(Beginning of Exercise data)

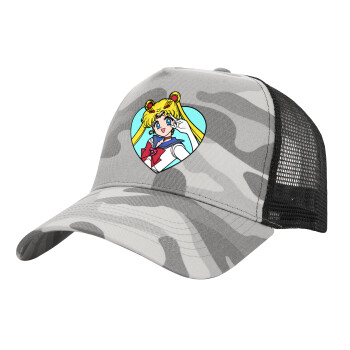 Sailor Moon star, Καπέλο Ενηλίκων Structured Trucker, με Δίχτυ, (παραλλαγή) Army Camo (100% ΒΑΜΒΑΚΕΡΟ, ΕΝΗΛΙΚΩΝ, UNISEX, ONE SIZE)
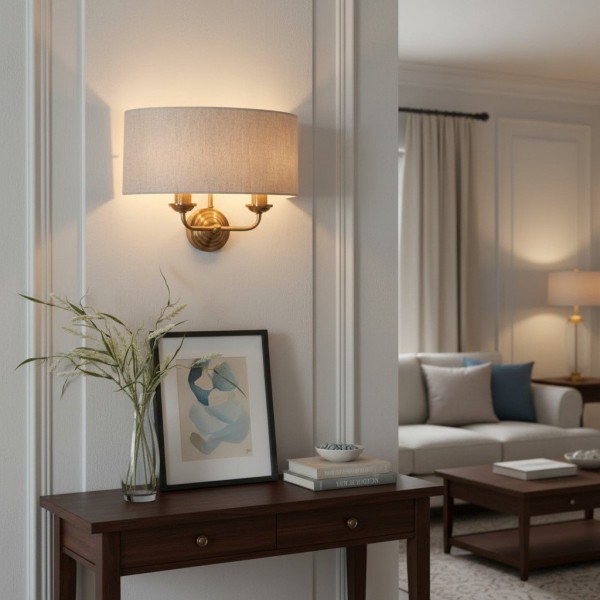 Tela Classic Wall Sconce with Fabric Shade - Elegant Metal Finish Wall Light for Living Room or Bedroom K1796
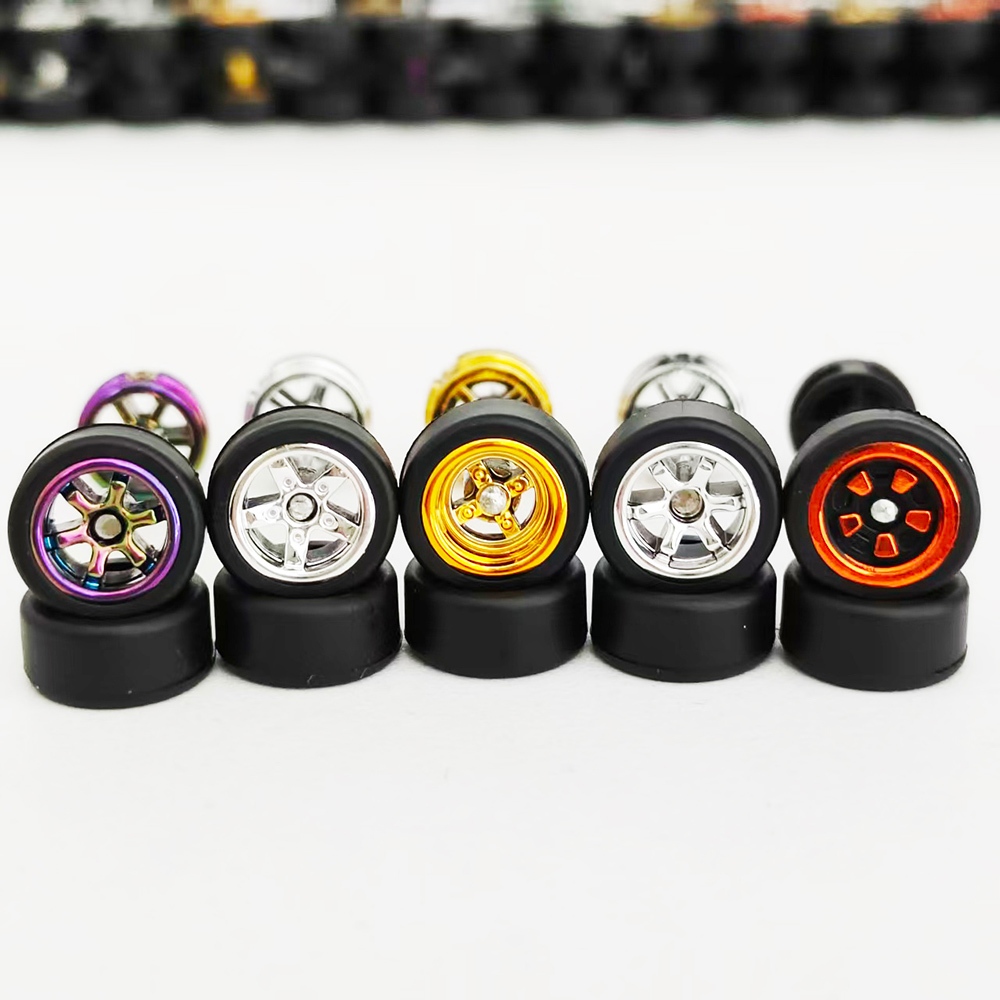 1 ชุด 9.8 มม.1/64 รถล้อ TE37 5-ใบมีดยางยาง 10 มม.Tyres ขอบสําหรับล้อร้อน/Matchbox/Domeka 1:64 รุ่นรถยนต์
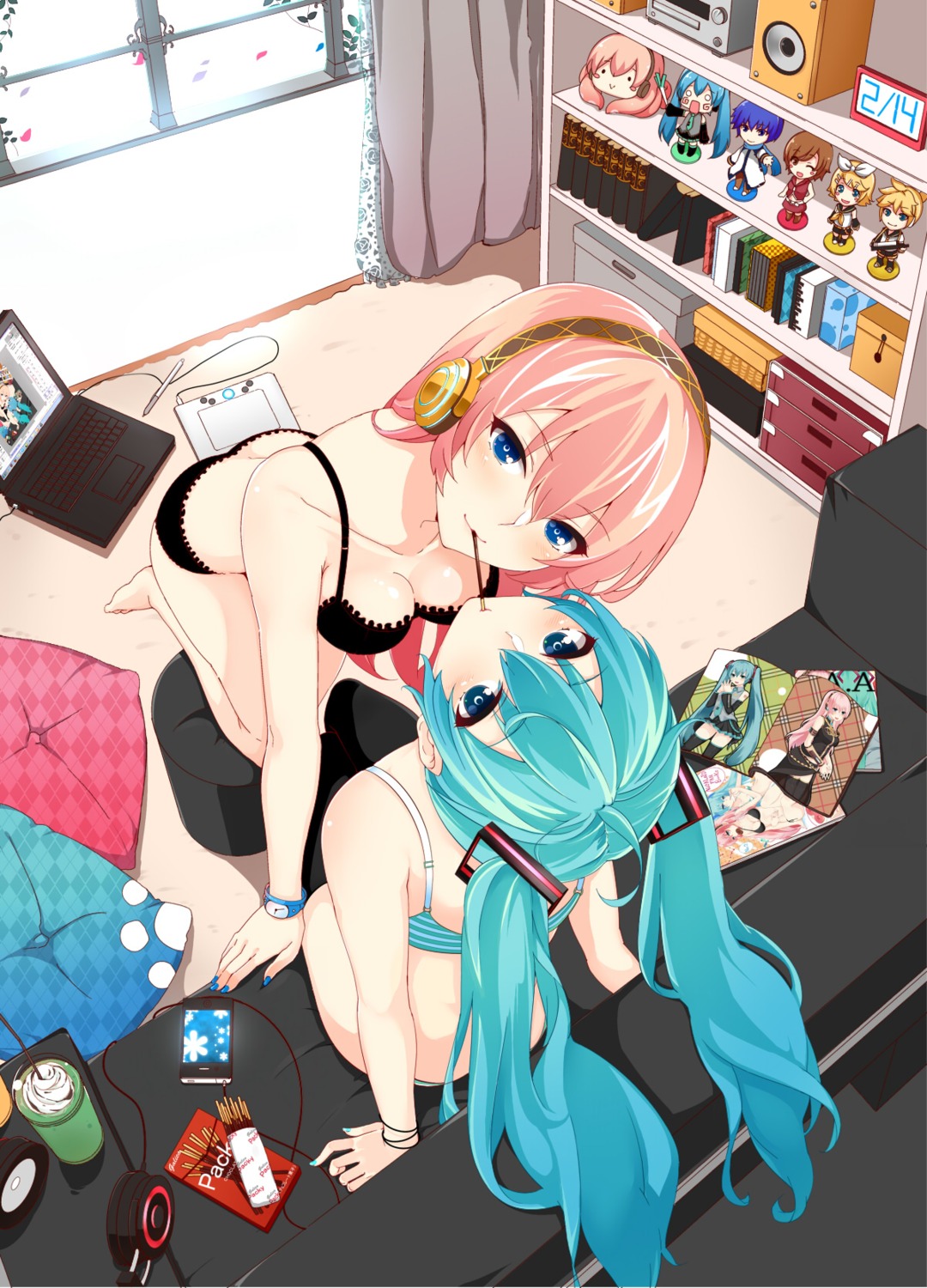 bra cleavage hatsune_miku headphones kagamine_len kagamine_rin kaito megurine_luka meiko nuko_(mikupantu) pantsu shimapan vocaloid yuri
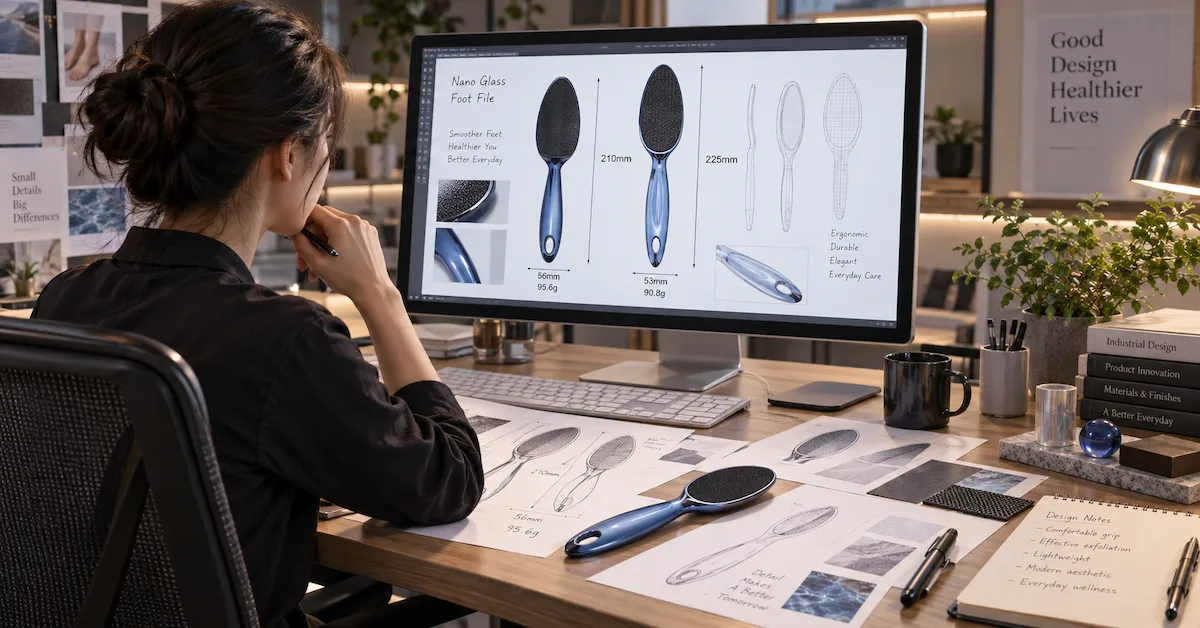 Designer creating nano glass foot file drafts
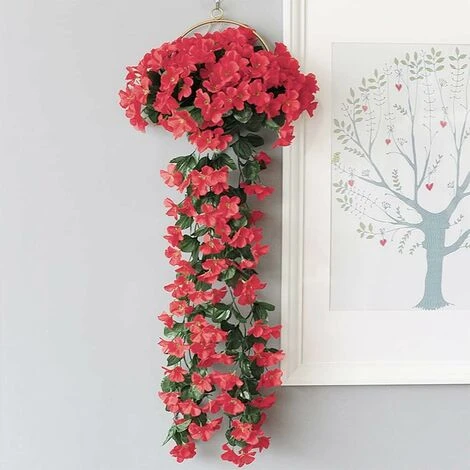 Confezione Da 2 Fiori Artificiali Edera Piante Artificiali All'aperto, Ufficio, Decorazioni Per La Casa, Feste In Giardino, Matrimonio, Rosa Rossa, Rosa Rossa 5 Confezione Da 2 Fiori Artificiali Edera Piante Artificiali All'aperto, Ufficio, Decorazioni Per La Casa, Feste In Giardino, Matrimonio, Rosa Rossa, Rosa Rossa - immagine 5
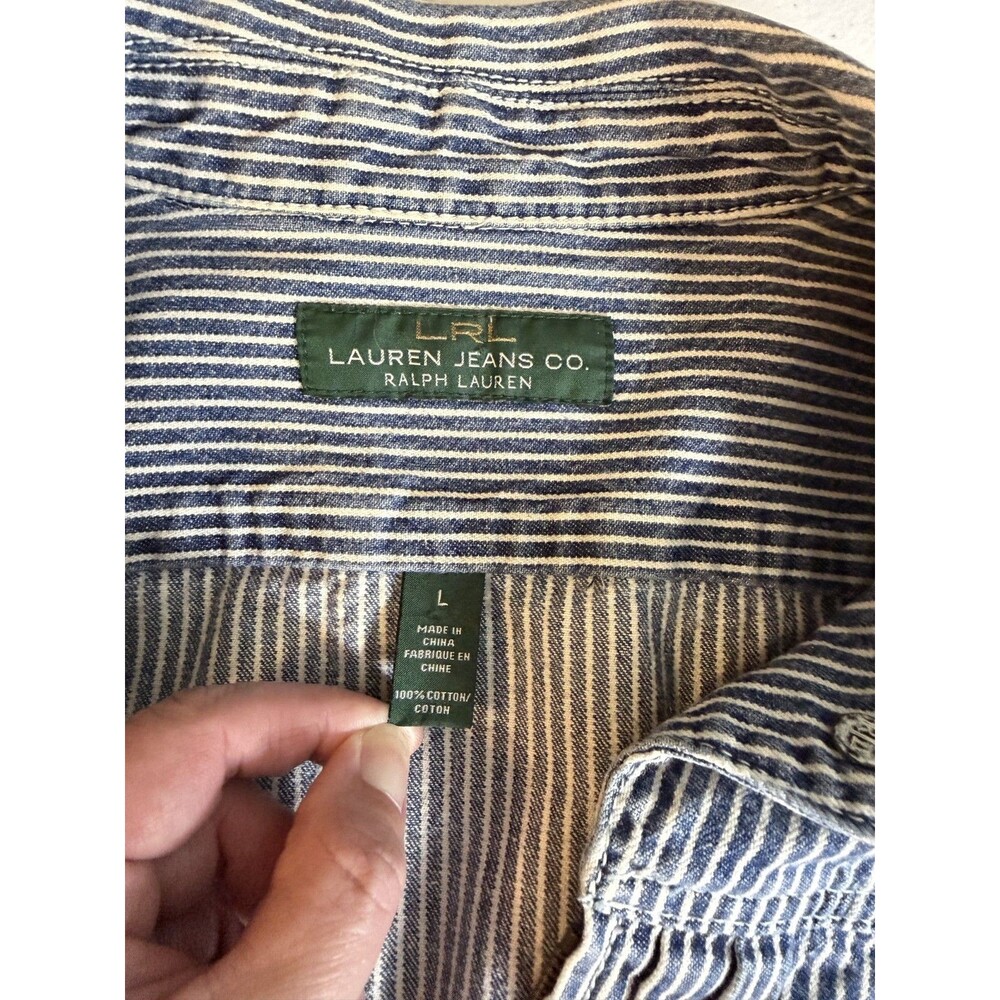 LRL Lauren Jeans Co Ralph Lauren Womens Blue White Stripe Denim Jacket Size L - Picture 5 of 9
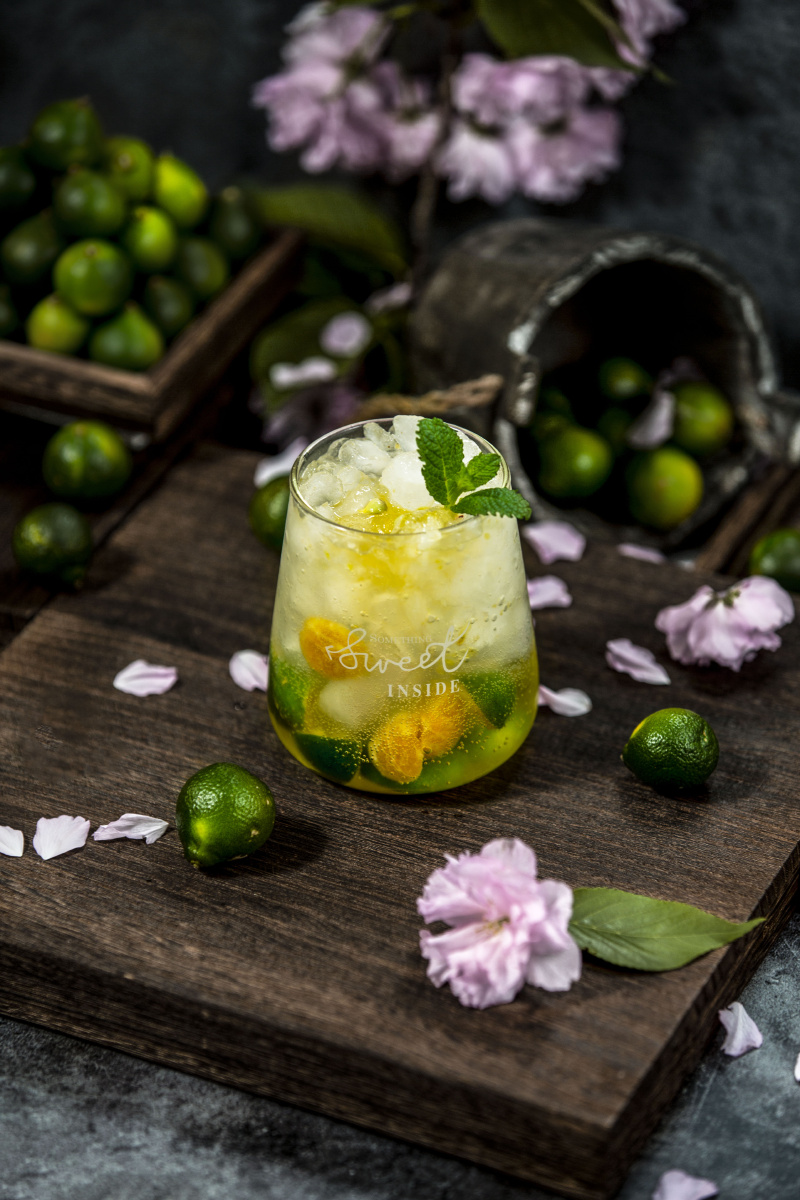 铛铛铛铛～92金桔柠檬气泡水93 配方95 小金桔 青柠檬 冰块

(End of Exercise data)

▸ Your objective
The records above need to be reproduced exactly, with all images omitted.

▸ Reply to the task
 Sailor Moon star, Καπέλο Ενηλίκων Structured Trucker, με Δίχτυ, (παραλλαγή) Army Camo (100% ΒΑΜΒΑΚΕΡΟ, ΕΝΗΛΙΚΩΝ, UNISEX, ONE SIZE)
 Tela Classic Wall Sconce with Fabric Shade - Elegant Metal Finish Wall Light for Living Room or Bedroom K1796
 1 ชุด 9.8 มม.1/64 รถล้อ TE37 5-ใบมีดยางยาง 10 มม.Tyres ขอบสําหรับล้อร้อน/Matchbox/Domeka 1:64 รุ่นรถยนต์
 bra cleavage hatsune_miku headphones kagamine_len kagamine_rin kaito megurine_luka meiko nuko_(mikupantu) pantsu shimapan vocaloid yuri
 Designer creating nano glass foot file drafts
 Confezione Da 2 Fiori Artificiali Edera Piante Artificiali All'aperto, Ufficio, Decorazioni Per La Casa, Feste In Giardino, Matrimonio, Rosa Rossa, Rosa Rossa 5 Confezione Da 2 Fiori Artificiali Edera Piante Artificiali All'aperto, Ufficio, Decorazioni Per La Casa, Feste In Giardino, Matrimonio, Rosa Rossa, Rosa Rossa - immagine 5
 LRL Lauren Jeans Co Ralph Lauren Womens Blue White Stripe Denim Jacket Size L - Picture 5 of 9
 铛铛铛铛～92金桔柠檬气泡水93 配方95 小金桔 青柠檬 冰块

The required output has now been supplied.